The Philosophy of Epicureanism
By philosophers
Epicureanism, was the philosophy founded by Epicurus at Athens near the end of the 4th century B. c. Epicureanism propounded a simple, rational, dogmatic view of the nature of man and the universe, through which men might attain real and enduring pleasure, in the sense of peace of mind. The philosophy was never very popular and was attacked with extraordinary violence and unfairness by philosophers of other schools and, later, by Christians. From these attacks Epicureanism got its popular reputation as a mere self-indulgent cult of pleasure. But the small groups that upheld Epicureanism were intensely devoted to their master. They regarded his teaching as a true gospel, as good news about the nature of things that delivered those who upheld it, presumably on strictly rational grounds, from the worst of human evils.
In the 1st century B.C. the school attracted some of the finest minds of the time, including the Roman poet Lucretius, and for a time, Vergil. In the course of the 3d and 4th centuries A. D. Epicureanism quietly died out. It seems to have been extinct as a school by the end of the 4th century A. D.

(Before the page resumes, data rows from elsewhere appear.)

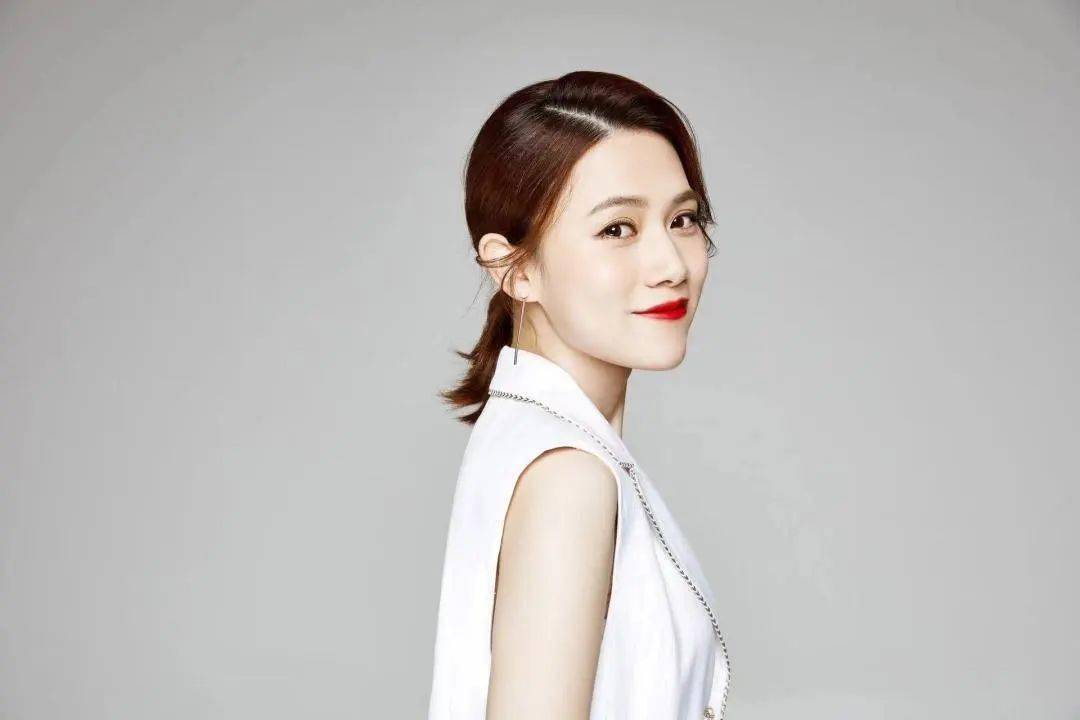 在这一环节,主持人曹洋,章珊,陈超,蔺清瑜将带你"云游"江苏,全景呈现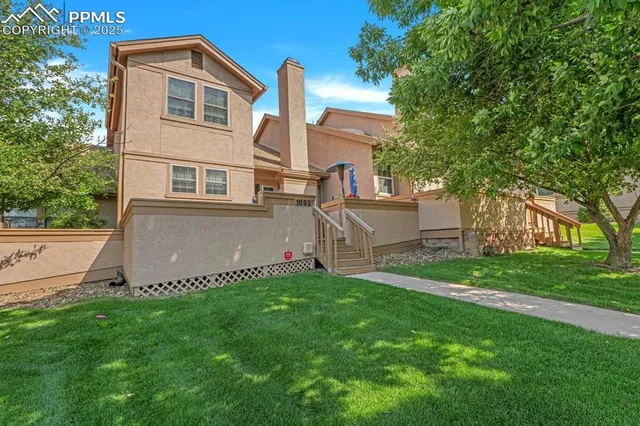 $324,900 | 1892 Brookdale Drive, Colorado Springs, CO 80918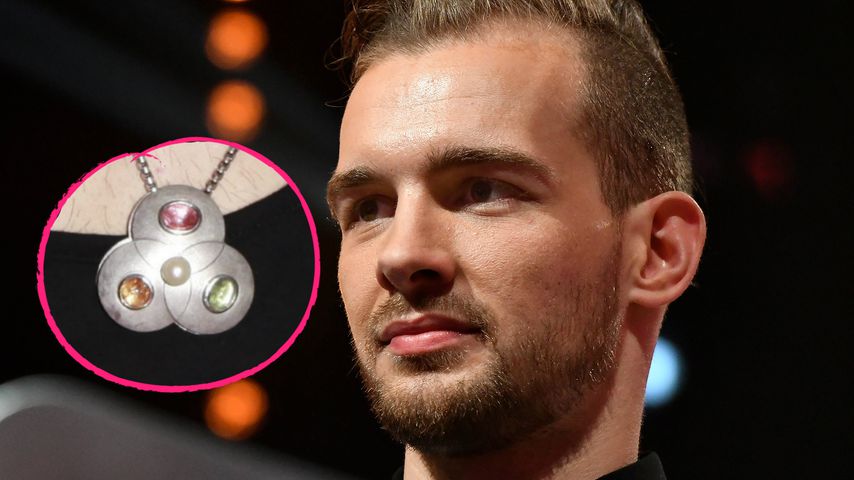 Bei "Dancing on Ice": Das steckt hinter Eric Stehfests Kette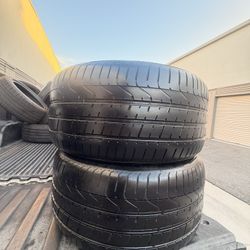 285/40/19 Pirelli Pzero 70% Tread (2)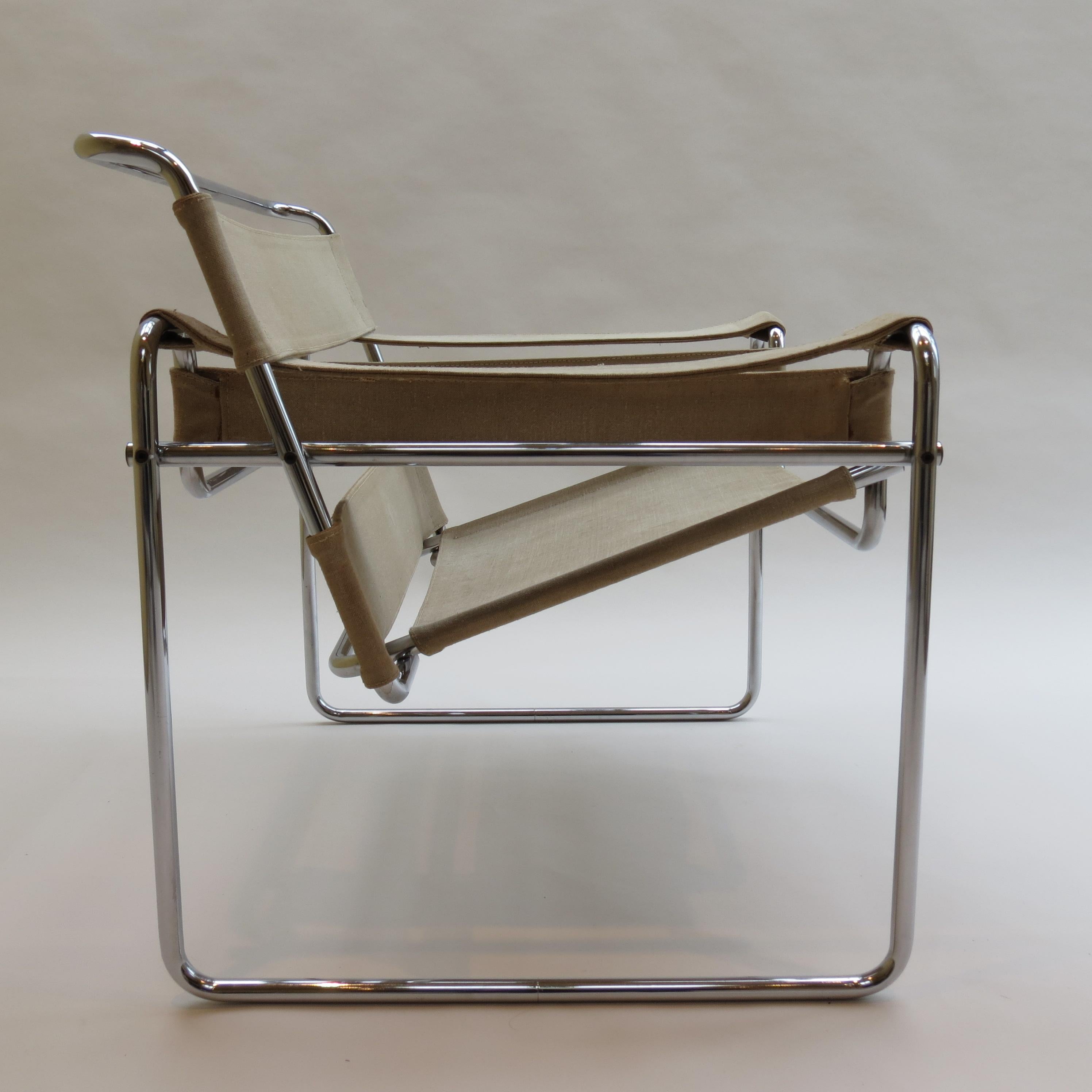 1960s B3 Wassily Chair in Beige Canvas by Marcel Breuer for Gavina Bauhaus B In Good Condition In Stow on the Wold, GB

The objective and the contents of Epicurean philosophy are known from the fragmentary remains of Epicurus' own writings, supplemented by later sources. Much of the existing knowledge of Epicurean doctrine comes from Lucretius' poem On The Nature of Things, and there are other accounts in the writings of Cicero. The study of the doctrine is made easier by the fact that it did not develop much after the time of Epicurus, and no schisms or subdivisions grew up in the school. Epicureans were generally content to repeat the teachings of their master with very little modification.
The Epicurean Objective
The great objective of Epicureanism, as of the contemporary Stoic and Skeptic schools, was to free men from anxiety and bring them through knowledge of the truth to that untroubled peace of mind they called ataraxia. But the route the Epicureans followed to this objective was very different from that of their contemporaries. Epicurus thought that men reduced themselves to utter misery by their worrying, particularly about worldly ambitions and the satisfaction of their material needs. but most especially about death and the gods.
Widespread fear of the gods was promoted, according to Epicurus, not only by popular superstition but even more by philosophical religion. A belief in an all-embracing and inexorable Divine Providence governing every detail of life was something to be really frightened of—if it truly existed. Epicurus proposed to deliver men from these fears by persuading them to follow a way of life conformable to his rational view of the universe.
Philosophical Tenets
Epicurus divided philosophy into three parts: canonic, concerned with the rules for finding the truth; physics, concerned with the nature of the world and the gods; and ethics, concerned with morality.
The canonic basis of the doctrine was a simple one. There was only one means of knowledge: some kind of direct physical perception based on the senses, which were considered absolutely reliable. The general notions by which men recognize different kinds of things are a sort of memory-deposit resulting from a large number of particular sense-perceptions.
Epicurean physics, the process of discovering the truth about the universe and the gods, was a variation of the old atomism of Democritus. Nothing exists but atoms and the empty space in which they endlessly move. Universes, including our own, and all in them, including men, are just chance concatenations or chains of atoms, which are always coming into existence and being dissolved in infinite space. In these atomistic universes, human thought and action are completely undetermined and not subject to any fate or necessity. The gods live in the gaps between the universes. They are peculiar atomic structures, immortal in that the flow of atoms into them exactly balances the outflow. This is not the case with men, and hence men die.
The gods have no power over the universes, but live a quiet happy life in the between-worlds. They must exist because all men believe in them, but there is no need to fear them. Philosophers can derive peace and joy from contemplating the ideal existence of the gods, and it is possible that the gods approve of the philosophers, who are their equal in all except immortality.
Death is the dissolution of the atomic structures that are human bodies and souls. But death is not something to fear. Death is not something that happens to men. Men are never in a state of death, because when death arrives, men no longer exist.
When men are freed from fears of death and the gods, they can live the good life according to Epicurean ethics. The standards of good and bad are pleasure and pain. Pleasure means principally untroubled peace of mind, and pain is the distress and worry from which the great Epicurean truths set men free. Man's natural needs are few and simple, and are easily provided for. To experience pleasure it is necessary to eliminate all artificial wants and to pare human desires to the real needs of nature. The most unnecessary, artificial want is the desire for political power and fame. Rejecting this, men should attempt the austere, hidden life, wanting nothing artificial. Such an existence in the company of a few like-minded friends will provide the reassurance and good fellowship necessary for peace of mind, ataraxia. Surrounding oneself with fellow-believers is of the greatest importance in the Epicurean way of life.
In theory, Epicurean morality is firmly based on self-interest. All societies are based solely on an agreement of men not to harm each other— a mutual advantage. The philosopher is primarily concerned with his own well-being. But in the practice of friendship in the small groups of Epicurean adherents there appears something of that sense of community and humanity that is lacking in Epicurean theory.